I will say that I love to see some good s*** stirred every once and a while but it is a shame! I have read a lot of your posts and threads and if you need a break then you need a break, simple. You have a lot of supporters here and even those that do not know you(like me) but have read your posts have learned a lot from your experience so Im glad to know you are not leaving the forum and I hope you enjoy your time off!!!!!! Don't let twits get to you as you have no reason to fall to that level and I know we all look forward to a return!


----------



## zero (Mar 27, 2012)

wow 40+ years is a long time! hope you enjoy your down time as jeez you deseve it!!! glad to know you'll still be about to help


----------



## whitetiger61 (Aug 2, 2011)

thank you everyone for your support..it is greatly appericiated..

Rick


----------



## Chrisfrey007 (Oct 5, 2011)

susankat said:


> Yes it always does.
> 
> And ChrisFrey007, try keeping up with as many tanks as he was running and then say how easy it is. I run more and doing water changes about 6 days a week.


I see what you mean. I can't speak for someone with that many tanks, but personally I could never give up every single tank. I'd at least keep one show tank. 
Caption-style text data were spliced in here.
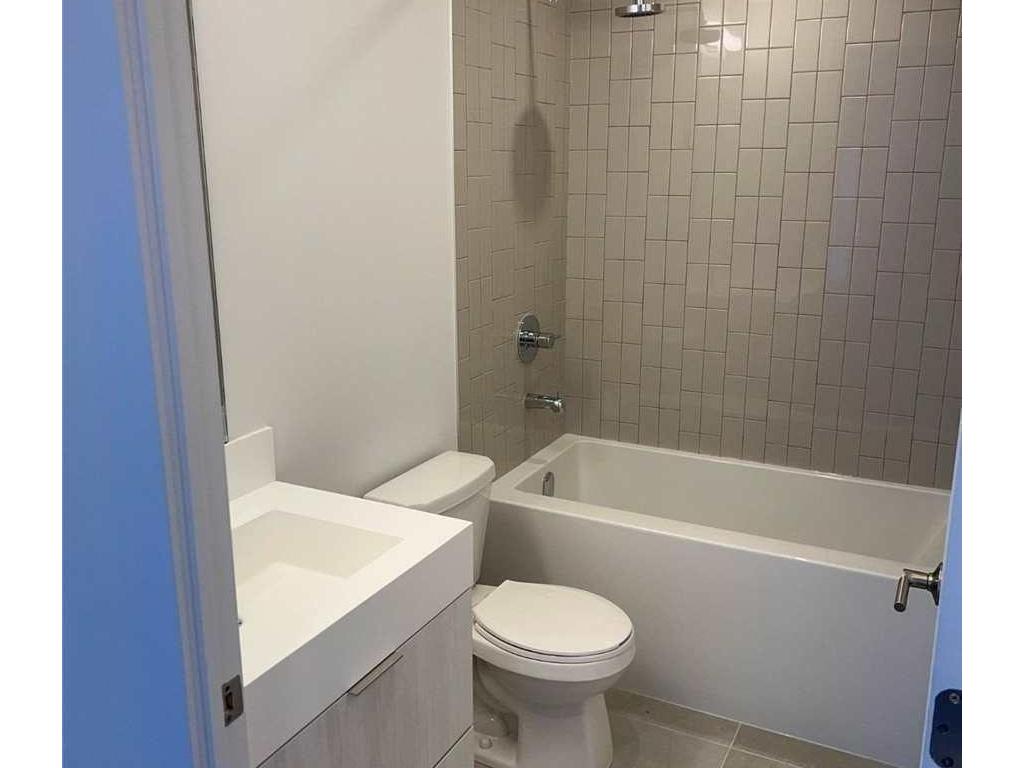 









130


River

Street, E-406,
Toronto,




ON
M5A 3P7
To clear things up in this room. I posted something not knowing the background of the person I commented on. I said "It's not for everybody" without knowing all the facts. To be honest I've seen a lot of people my age give up because they lack the knowledge and get frustrated. Rick if you read this I apologize. I do have respect for someone that has been involved in fish keeping that many years. It's a lot more forgiving than someone giving up at my age. I've been doing this over 3 years and honestly there have been times I've gotten lazy and had algae spikes, but over all I'm still motivated to take care of my tanks. 
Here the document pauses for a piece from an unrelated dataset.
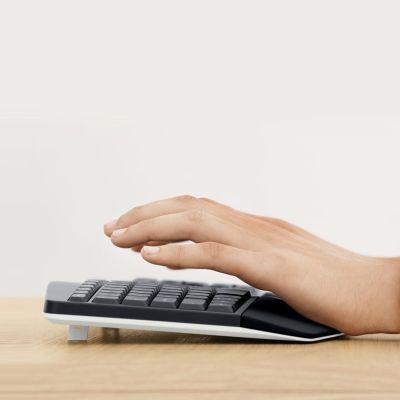 11. Logitech MK850 Performance Keyboard Mouse Included Universal RF Wireless + Bluetooth QWERTZ German Black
Once again Rick I'm sorry, but you need to keep cool*none5. Getting upset over a simple innocent comment only gives people like me ammo for trolling.


----------



## whitetiger61 (Aug 2, 2011)

Chrisfrey007 said:


> I see what you mean. I can't speak for someone with that many tanks, but personally I could never give up every single tank. I'd at least keep one show tank.
> 
> To clear things up in this room. I posted something not knowing the background of the person I commented on. I said "It's not for everybody" without knowing all the facts. To be honest I've seen a lot of people my age give up because they lack the knowledge and get frustrated. Rick if you read this I apologize. I do have respect for someone that has been involved in fish keeping that many years. It's a lot more forgiving than someone giving up at my age. I've been doing this over 3 years and honestly there have been times I've gotten lazy and had algae spikes, but over all I'm still motivated to take care of my tanks.
> 
> Once again Rick I'm sorry, but you need to keep cool*none5. Getting upset over a simple innocent comment only gives people like me ammo for trolling.


is all good..thanks for your response..its one of the reasons im stepping away..been flying off the handle way to much..and thats just not how i am..when i see that in myself..its time for a change.

Rick


----------



## drunkenbeast (Nov 13, 2011)

*blue sorry sorry rick dunno what to say your a great guy and im sad to see you do this but if its for the best I and everyone on the forum supports you.


----------



## whitetiger61 (Aug 2, 2011)

drunkenbeast said:


> *blue sorry sorry rick dunno what to say your a great guy and im sad to see you do this but if its for the best I and everyone on the forum supports you.


Kyle
thanks bud..i do think its for the best right now..my head is not in it right now..so i need to do something..maybe in a year i will be ready again.

Rick


----------



## lovebettas (Feb 7, 2012)

Sorry to hear that your stressing,your tanks are beautiful,you have great talent in designing tanks.Just an idea,could you leave your tanks going without fish for a while,less up keep or just keep your favorite tank.I would be lost without my tanks. You have my respect no matter what you do,just sayin.


----------



## lovebettas (Feb 7, 2012)

I would be happy to learn from you anytime!!


----------



## whitetiger61 (Aug 2, 2011)

lovebettas said:


> I would be happy to learn from you anytime!!


i will still be here..im always around here

Rick


----------



## snail (Aug 6, 2010)

Sorry to hear your giving up. You know a lot about fish and have passion for the hobby to have done it for so long, it's just gotten on top of you. You are not the first to feel that way, I think lots of us need to do a bit of a reset sometimes. It will be nice if you stick around the site and maybe you will start up again a bit smaller when it feels like fun again.


----------



## lonedove55 (Jan 25, 2012)

So sorry to hear that you have decided this... I enjoy reading your posts and the wealth of knowledge I've found in them. You have been so helpful to me with my myriad of questions in chat! I agree with all of the others who have posted before me...the only person who really knows if they need a change is that person himself. When a hobby or endeavor becomes a chore, is stressful, and the enjoyment is no longer there, then stepping back and going in another direction may be the change you need. 

Keep in touch and wishing you the best. Paula


----------



## whitetiger61 (Aug 2, 2011)

lonedove55 said:


> So sorry to hear that you have decided this... I enjoy reading your posts and the wealth of knowledge I've found in them. You have been so helpful to me with my myriad of questions in chat! I agree with all of the others who have posted before me...the only person who really knows if they need a change is that person himself. When a hobby or endeavor becomes a chore, is stressful, and the enjoyment is no longer there, then stepping back and going in another direction may be the change you need.
> 
> Keep in touch and wishing you the best. Paula


Thanks Paula..i will still be around

Rick


----------



## Reefing Madness (Aug 12, 2011)

:truckin:


----------